Between 1525 and 1504 BC, Amenhotep I was the ruler of Egypt, a young pharaoh who suddenly ascended the throne. In 1881 AD, the mummy was discovered by a French Egyptologist, who vowed never to unwrap it after seeing how beautifully sealed it was. In 2021 AD, one April evening, his mummified remains led the Pharaohs' Golden Parade, which carried many of Egypt's most revered mummies from the Egyptian Museum in Tahrir to the National Museum of Egyptian Civilization in Fustat.In all that time, however, his mummy had remained unwrapped by researchers. For centuries it stayed hidden, sealed within its sarcophagus with its beautiful face mask - until now.

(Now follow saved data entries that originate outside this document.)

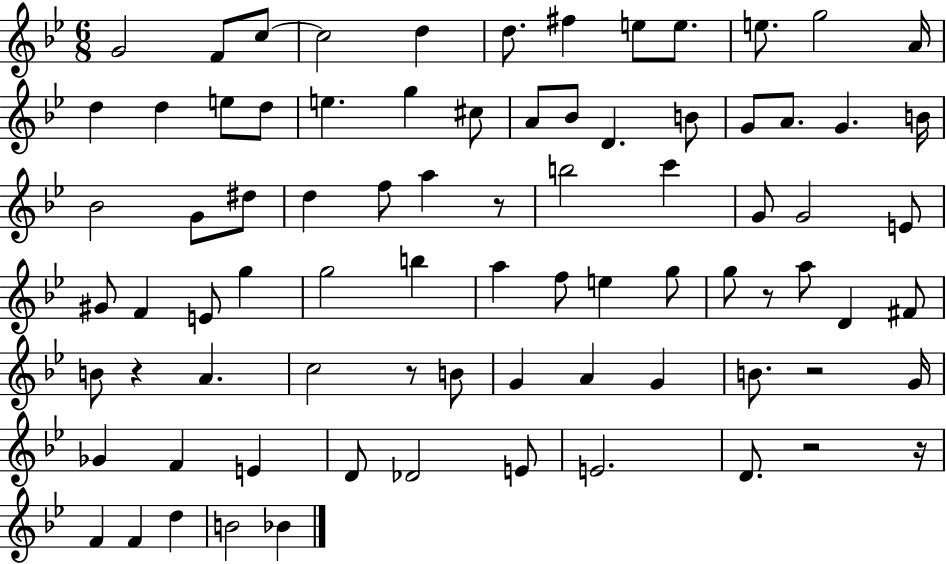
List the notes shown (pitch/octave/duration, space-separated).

G4/h F4/e C5/e C5/h D5/q D5/e. F#5/q E5/e E5/e. E5/e. G5/h A4/s D5/q D5/q E5/e D5/e E5/q. G5/q C#5/e A4/e Bb4/e D4/q. B4/e G4/e A4/e. G4/q. B4/s Bb4/h G4/e D#5/e D5/q F5/e A5/q R/e B5/h C6/q G4/e G4/h E4/e G#4/e F4/q E4/e G5/q G5/h B5/q A5/q F5/e E5/q G5/e G5/e R/e A5/e D4/q F#4/e B4/e R/q A4/q. C5/h R/e B4/e G4/q A4/q G4/q B4/e. R/h G4/s Gb4/q F4/q E4/q D4/e Db4/h E4/e E4/h. D4/e. R/h R/s F4/q F4/q D5/q B4/h Bb4/q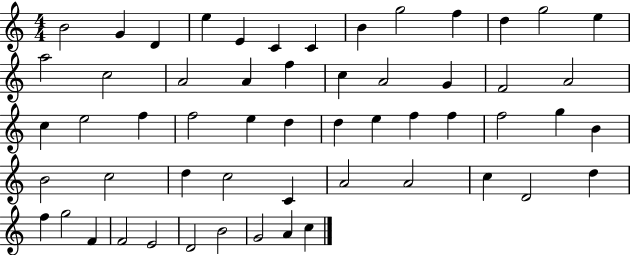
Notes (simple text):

B4/h G4/q D4/q E5/q E4/q C4/q C4/q B4/q G5/h F5/q D5/q G5/h E5/q A5/h C5/h A4/h A4/q F5/q C5/q A4/h G4/q F4/h A4/h C5/q E5/h F5/q F5/h E5/q D5/q D5/q E5/q F5/q F5/q F5/h G5/q B4/q B4/h C5/h D5/q C5/h C4/q A4/h A4/h C5/q D4/h D5/q F5/q G5/h F4/q F4/h E4/h D4/h B4/h G4/h A4/q C5/q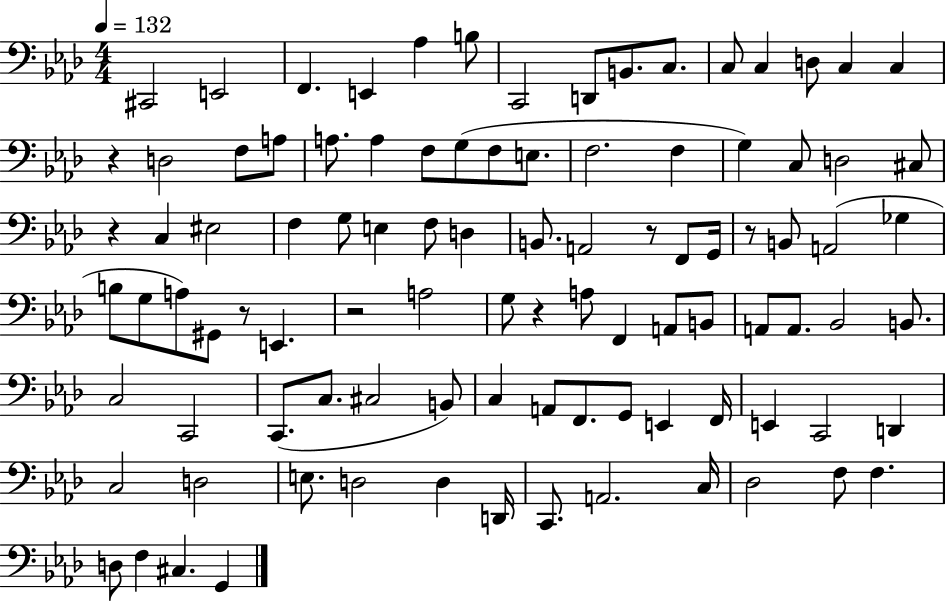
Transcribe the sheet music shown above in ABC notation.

X:1
T:Untitled
M:4/4
L:1/4
K:Ab
^C,,2 E,,2 F,, E,, _A, B,/2 C,,2 D,,/2 B,,/2 C,/2 C,/2 C, D,/2 C, C, z D,2 F,/2 A,/2 A,/2 A, F,/2 G,/2 F,/2 E,/2 F,2 F, G, C,/2 D,2 ^C,/2 z C, ^E,2 F, G,/2 E, F,/2 D, B,,/2 A,,2 z/2 F,,/2 G,,/4 z/2 B,,/2 A,,2 _G, B,/2 G,/2 A,/2 ^G,,/2 z/2 E,, z2 A,2 G,/2 z A,/2 F,, A,,/2 B,,/2 A,,/2 A,,/2 _B,,2 B,,/2 C,2 C,,2 C,,/2 C,/2 ^C,2 B,,/2 C, A,,/2 F,,/2 G,,/2 E,, F,,/4 E,, C,,2 D,, C,2 D,2 E,/2 D,2 D, D,,/4 C,,/2 A,,2 C,/4 _D,2 F,/2 F, D,/2 F, ^C, G,,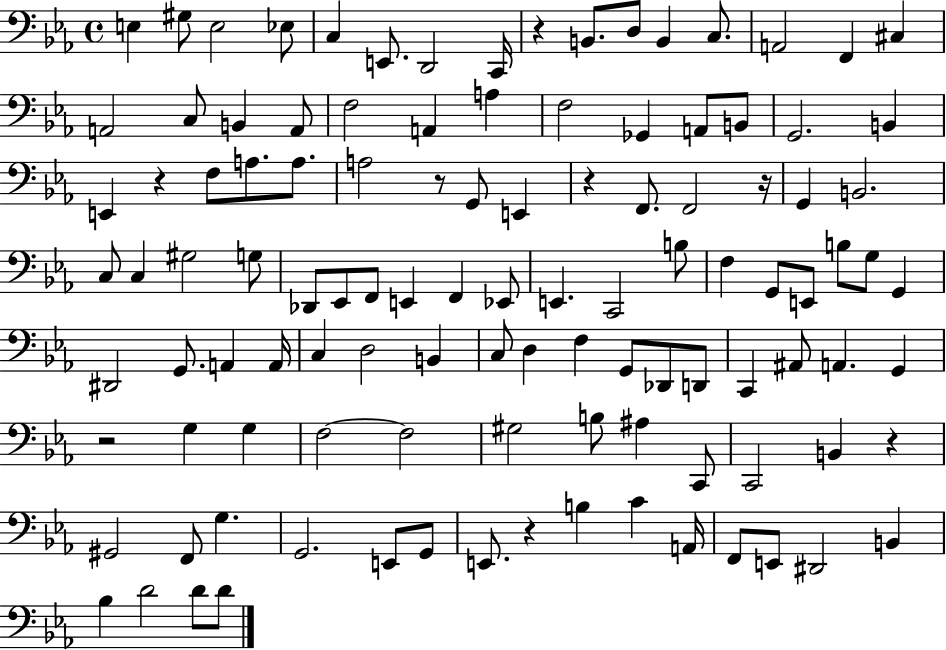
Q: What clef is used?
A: bass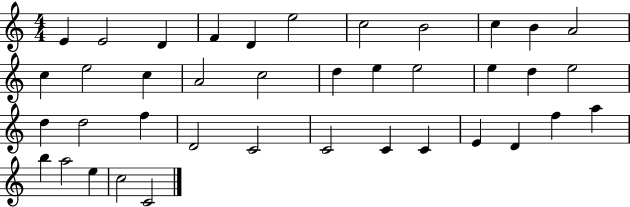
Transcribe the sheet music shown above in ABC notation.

X:1
T:Untitled
M:4/4
L:1/4
K:C
E E2 D F D e2 c2 B2 c B A2 c e2 c A2 c2 d e e2 e d e2 d d2 f D2 C2 C2 C C E D f a b a2 e c2 C2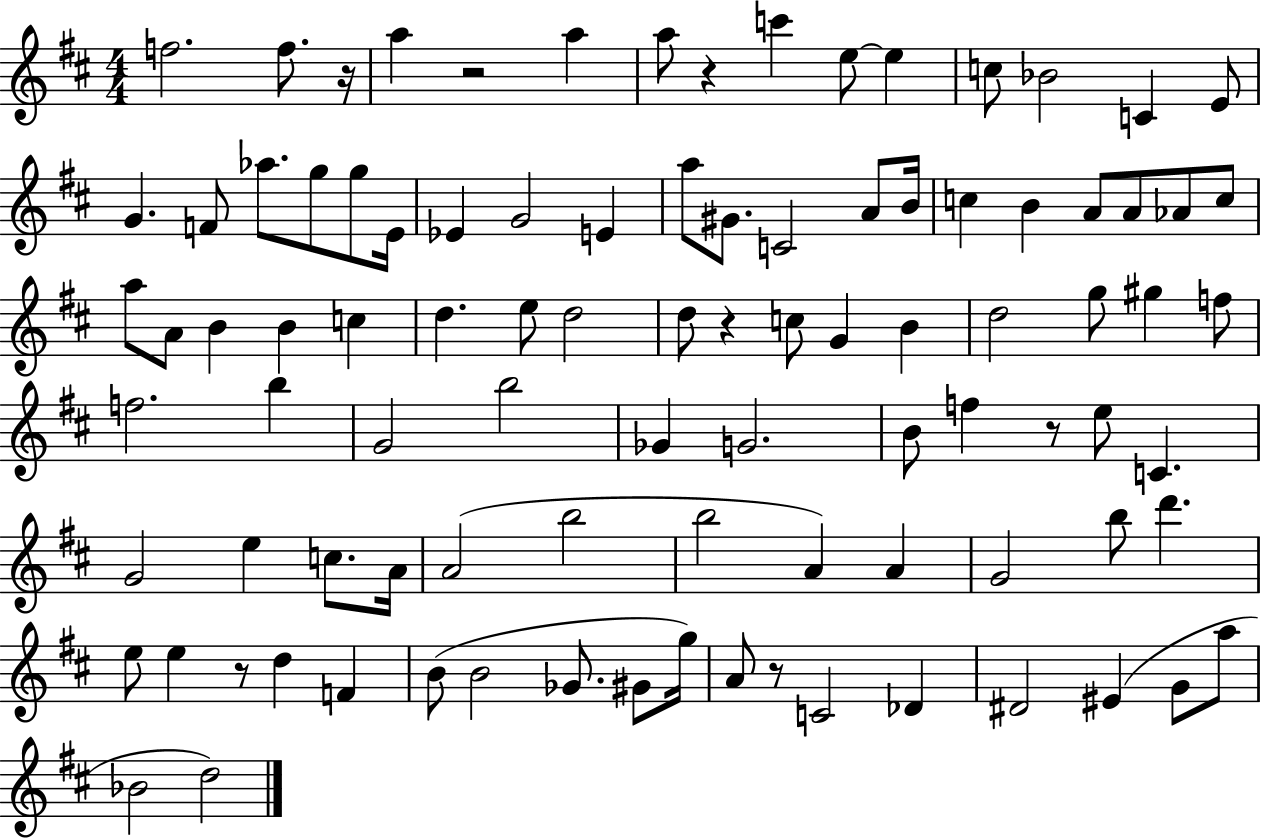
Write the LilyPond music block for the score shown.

{
  \clef treble
  \numericTimeSignature
  \time 4/4
  \key d \major
  f''2. f''8. r16 | a''4 r2 a''4 | a''8 r4 c'''4 e''8~~ e''4 | c''8 bes'2 c'4 e'8 | \break g'4. f'8 aes''8. g''8 g''8 e'16 | ees'4 g'2 e'4 | a''8 gis'8. c'2 a'8 b'16 | c''4 b'4 a'8 a'8 aes'8 c''8 | \break a''8 a'8 b'4 b'4 c''4 | d''4. e''8 d''2 | d''8 r4 c''8 g'4 b'4 | d''2 g''8 gis''4 f''8 | \break f''2. b''4 | g'2 b''2 | ges'4 g'2. | b'8 f''4 r8 e''8 c'4. | \break g'2 e''4 c''8. a'16 | a'2( b''2 | b''2 a'4) a'4 | g'2 b''8 d'''4. | \break e''8 e''4 r8 d''4 f'4 | b'8( b'2 ges'8. gis'8 g''16) | a'8 r8 c'2 des'4 | dis'2 eis'4( g'8 a''8 | \break bes'2 d''2) | \bar "|."
}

Dr. Zahi Hawass and Dr. Saher Saleem of Cairo University digitally scanned the pharaoh's mummy, allowing them to see within it without disturbing the remains. While the mummy stayed safe and untouched, the Egyptologists used advanced computed tomography and hundreds of high-res X-ray slices to digitally unwrap the mummy and map out Amenhotep I's skeleton and soft tissue.
Since New Kingdom mummies were especially well-preserved, the scans were able to reveal meticulous details of the king's life. The bone structure showed that he was around 35 years old and 168.5 cm tall when he died. Further analysis also showed that he had no symptoms of illness or disease, meaning he died in relatively good health. The king’s brain was also still in his skull, rather than removed like in other mummy burials.Most illuminating of all was the nature of his wrappings. Previous scans showed that the mummy had to be re-embalmed after Amenhotep I's tomb was plundered, 300 years after his death, and Saleem hypothesised that the priests pocketed some of the jewellery that was placed in his body and wrappings. But these new scans tell a different story, where priests carefully and lovingly re-embalmed their king, leaving plenty of jewellery behind. No wonder, then, that the mummy was pristine enough to leave researchers in awe thousands of years later - a testament to Egyptians’ enduring dedication to the preservation of their own culture.